A Theory of Accountability

Mary Douglas has written brilliantly about Evans-Pritchard, placing his work within a larger theoretical debate (compare Gellner 1981:xv–xvi). Douglas writes, “One of the present crises in sociology comes from the criticisms of phenomenologists.
Maintaining that social understanding must start from the human experience of consciousness and reflection, they despair of truth in any so-called human science that ignores the distinctively human element” (1980:2).
Phenomenologists would dismiss theories proposed by White, Harris, and Radcliffe-Brown, for example, because their respective points of view argue that cultural life is knowable independently of the experience of its participants, holding that what informants think or perceive of reality is not necessarily the starting point for inquiry. Phenomenologists basically give explanatory priority to the informant’s subjective view.

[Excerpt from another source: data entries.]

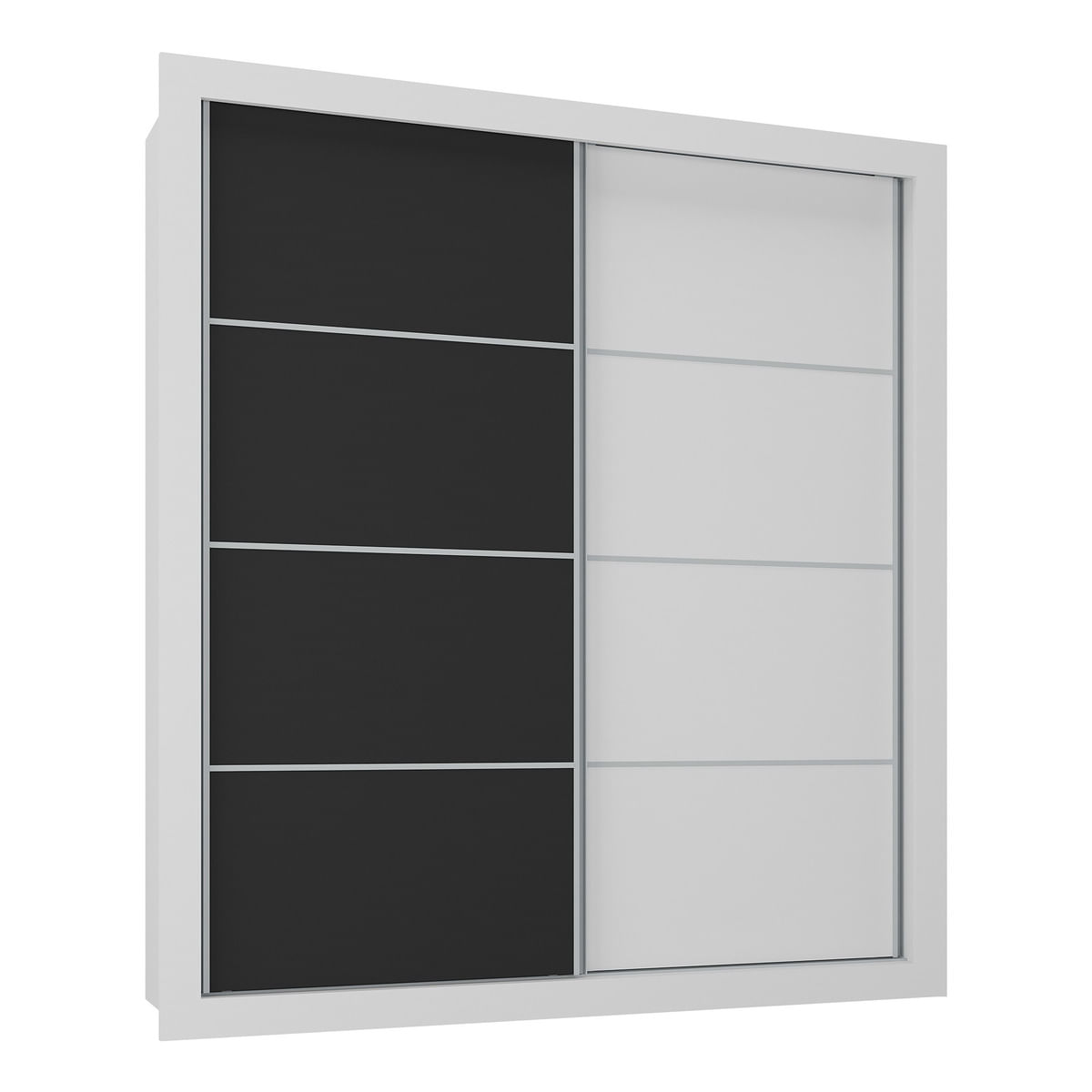 Encontraproduto.com.br - Guarda-roupas Casal 2 Portas De Correr 4 Gavetas Alasca Multimóveis Mp4265 Branco/preto Branco/preto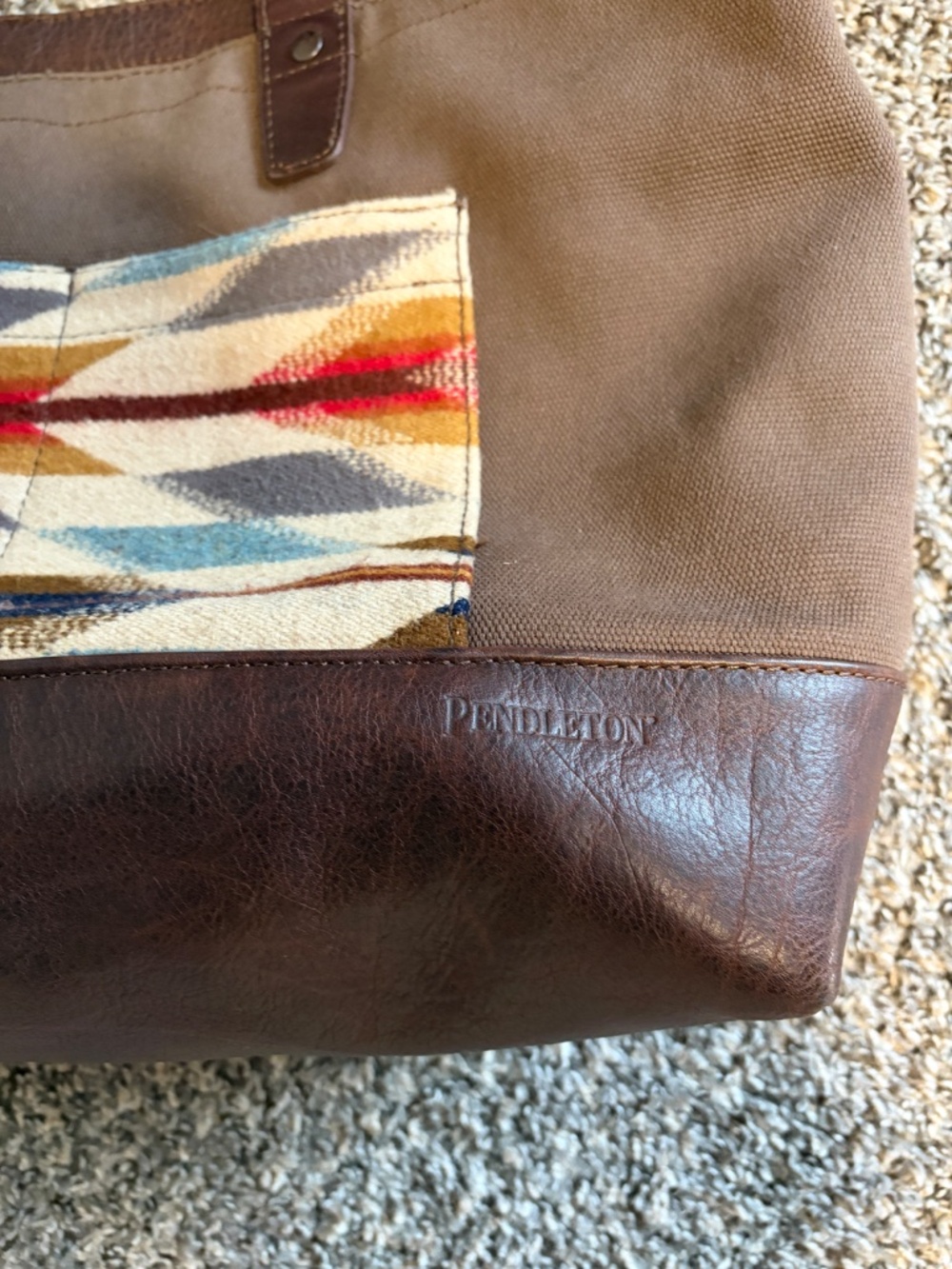 Pendleton Wyeth Trail Brown Canvas Leather Weekender Duffle Tote - Picture 8 of 11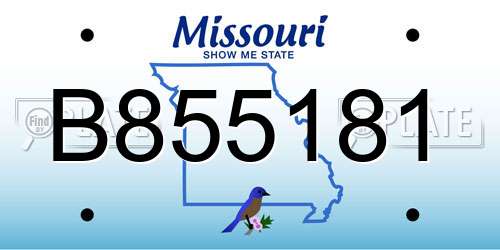 B855181 Missouri License Plate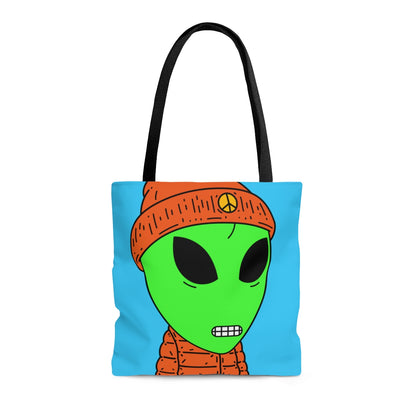 Chaqueta hinchada naranja Dientes digitales Sombrero de paz Visitante Alien AOP Bolsa de tela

Douglas continues, These critics have undermined confidence in the traditional methods and even in the traditional objectives of sociology. Consequently, many scholars sensitive to the criticism have been tempted to give up striving for objectivity and to shift their own writing into a mystical mode, indulgent to their own subjectivity. Others, who would still like to try for objective comparisons, find little alternative but to work on in the old framework of inquiry, and so tend to shirk these issues. In advance of this critical juncture Evans-Pritchard felt the dilemma keenly. (1980:2)
The dilemma is this: Where does culture exist other than in
the perceptions, beliefs, and actions of individuals? This is the
issue Sapir encountered when he read about the contrary Omaha, Two Crows (see pp. 93–94). How can we state, “The Nuer
believe X,” when we really need to list the opinions of each individual Nuer, as expressed at a particular time? And if culture
only exists with the individual, how can comparisons between
individuals—let alone between cultures—be made? And finally, and most problematically, how can an anthropologist’s
statement about another culture be anything more than her or
his individual perception of another individual’s expression, a
flimsy bridge of communication across a chasm of cultural difference?
As Douglas suggests, one response to the dilemma is to say
“The hell with it!” and focus on issues that do not require such
epistemological turmoil. Another approach is to retreat into a co-

coon of hypersubjectivity in which ethnography and autobiography are not distinguished.
Evans-Pritchard, Douglas suggests, attempted to find a way
through the dilemma:
He taught that the essential point for comparison is that at
which people meet misfortune. They may accuse others, they
may accept responsibility. They count different kinds of misfortune as needing explanation. As they work their ideas of
blame and compensation into their social institutions, they invoke existences and powers that are adapted to each particular
accounting system. There are ways of getting valid evidence
on these essential moral purposes as they surface from consciousness into action. (1980:3)
For example, how do we deal with misfortune in modern
America? We litigate. If we spill scalding coffee on ourselves, we
sue the restaurant that heated it. If we slip on ice and break a leg,
we sue the store that should have shoveled the sidewalk. In
American society, we appeal to the legal system to establish
responsibility—even over “accidents”—and to assess penalties.
An exploration of accountability in American society would
readily identify major themes of a cultural life.
Similarly, Evans-Pritchard followed the threads of accountability in his classic studies of the Azande. He wrote, “I suppose
that the simplest way of assessing an African people’s way of
looking at life is to ask to what they attribute misfortune, and for
the Azande the answer is witchcraft” (1967:11).